After rethinking their data architecture, Wish decided to build a single warehouse using Redshift. Data from both production DBs flowed through the data pipeline into Redshift. BigQuery is also used for some types of data. It feeds data into secondary tables needed for analytics. Finally, analytics and dashboards are created with Looker.

Sources:

13. Blinkist

Blinkist transforms the big ideas from the world’s best nonfiction books into powerful little packs users can read or listen to in 15 minutes. At first, they started selling their services through a pretty basic website, and they monitored statistics through Google Analytics. Unfortunately, visitor statistics gathered from Google Analytics didn’t match the figures the engineers were computing. This is one of the reasons why Blinkist decided to move to the AWS cloud.

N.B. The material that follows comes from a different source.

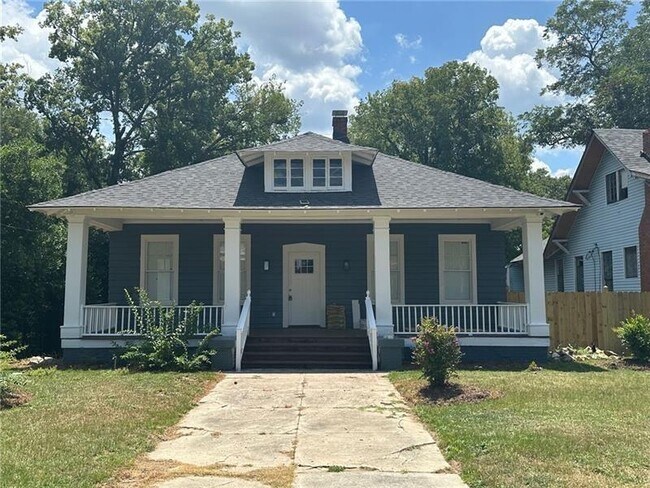 Primary Photo - 2676 Cherokee Ave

They choose a central Redshift warehouse where data flows in from user apps, backend, and web front-end (for visitors tracking). To get data to Redshift, they stream data with Kinesis Firehose, also using Amazon Cloudfront, Lambda, and Pinpoint. The engineering team at Blinkist is working on a newer pipeline where ingested data comes to Alchemist, before passing it to a central Kinesis system and onwards to the warehouse.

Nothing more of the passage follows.